Ingredients:
- 2 tbsp unsalted butter
- 1 medium yellow onion, diced
- 3 cloves garlic, minced
- 1 tsp dried oregano
- 1 lb green cabbage, thinly shredded
- 2 medium Yukon Gold potatoes, peeled and diced into 1/2 inch cubes
- 1 can (14.5oz) diced tomatoes with juices
- 6 cups vegetable broth
- 1 bay leaf
- 1/2 tsp salt
- 1/4 tsp black pepper
- 1 tbsp fresh lemon juice
- 2 tbsp fresh parsley, chopped
Instructions:
- Heat the butter or oil over medium heat.
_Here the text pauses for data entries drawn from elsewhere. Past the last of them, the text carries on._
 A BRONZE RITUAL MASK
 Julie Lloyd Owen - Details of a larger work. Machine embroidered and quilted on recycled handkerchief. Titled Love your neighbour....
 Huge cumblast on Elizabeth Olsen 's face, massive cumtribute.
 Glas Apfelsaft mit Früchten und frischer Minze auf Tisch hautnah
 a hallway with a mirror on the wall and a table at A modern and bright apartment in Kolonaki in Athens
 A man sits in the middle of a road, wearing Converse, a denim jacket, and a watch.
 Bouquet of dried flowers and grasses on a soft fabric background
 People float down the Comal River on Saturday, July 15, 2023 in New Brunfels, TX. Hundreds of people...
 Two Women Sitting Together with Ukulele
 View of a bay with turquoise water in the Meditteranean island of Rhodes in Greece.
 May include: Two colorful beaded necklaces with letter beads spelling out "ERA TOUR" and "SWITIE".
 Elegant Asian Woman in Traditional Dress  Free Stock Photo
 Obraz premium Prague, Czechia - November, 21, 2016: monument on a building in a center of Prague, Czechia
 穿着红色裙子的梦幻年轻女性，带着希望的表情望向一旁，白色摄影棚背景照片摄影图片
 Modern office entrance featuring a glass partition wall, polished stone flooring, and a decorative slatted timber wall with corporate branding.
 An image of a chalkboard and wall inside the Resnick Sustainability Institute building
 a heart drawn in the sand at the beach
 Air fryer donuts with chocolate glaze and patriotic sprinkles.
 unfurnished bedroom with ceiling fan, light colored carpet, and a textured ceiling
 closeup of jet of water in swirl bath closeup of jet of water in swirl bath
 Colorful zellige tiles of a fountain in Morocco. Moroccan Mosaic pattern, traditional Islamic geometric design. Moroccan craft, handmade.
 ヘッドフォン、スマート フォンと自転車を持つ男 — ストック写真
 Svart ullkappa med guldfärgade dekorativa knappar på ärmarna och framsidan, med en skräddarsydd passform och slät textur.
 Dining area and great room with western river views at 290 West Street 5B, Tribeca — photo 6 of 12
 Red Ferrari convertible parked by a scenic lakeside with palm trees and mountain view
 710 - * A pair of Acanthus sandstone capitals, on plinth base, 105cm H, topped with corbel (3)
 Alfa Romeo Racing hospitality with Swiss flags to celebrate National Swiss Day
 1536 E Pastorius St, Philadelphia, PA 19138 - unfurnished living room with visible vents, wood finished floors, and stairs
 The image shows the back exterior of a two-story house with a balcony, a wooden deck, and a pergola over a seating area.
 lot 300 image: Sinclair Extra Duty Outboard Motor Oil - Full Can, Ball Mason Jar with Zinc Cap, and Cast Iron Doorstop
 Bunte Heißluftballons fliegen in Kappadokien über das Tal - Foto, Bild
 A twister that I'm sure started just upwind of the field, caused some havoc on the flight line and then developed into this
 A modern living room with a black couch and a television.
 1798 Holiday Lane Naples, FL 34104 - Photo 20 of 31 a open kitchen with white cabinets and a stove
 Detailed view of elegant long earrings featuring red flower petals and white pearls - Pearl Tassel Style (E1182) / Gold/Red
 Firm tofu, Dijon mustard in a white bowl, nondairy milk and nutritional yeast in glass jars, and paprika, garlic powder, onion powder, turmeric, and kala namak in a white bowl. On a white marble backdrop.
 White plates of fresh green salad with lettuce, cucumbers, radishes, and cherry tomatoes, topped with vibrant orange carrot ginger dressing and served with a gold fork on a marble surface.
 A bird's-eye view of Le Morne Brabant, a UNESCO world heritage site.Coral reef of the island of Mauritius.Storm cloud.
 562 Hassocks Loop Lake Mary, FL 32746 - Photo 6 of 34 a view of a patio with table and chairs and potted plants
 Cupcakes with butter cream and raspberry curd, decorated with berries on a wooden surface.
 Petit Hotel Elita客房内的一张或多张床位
Add the diced onion and sauté until translucent and fragrant (about 3 minutes).
- Stir in the minced garlic and oregano, cooking for just 60 seconds until the garlic smells nutty and toasted.
- Stir in the shredded cabbage and diced potatoes. Pour in the diced tomatoes and vegetable broth. Add the bay leaf, salt, and pepper.
- Increase heat to medium-high and bring to a boil, then immediately reduce to a simmer. Cover partially and cook for 8-10 minutes, or until the potatoes are fork-tender and the cabbage has wilted into a soft, velvety texture.
- Remove the pot from heat. Stir in the lemon juice (or vinegar) and fresh parsley.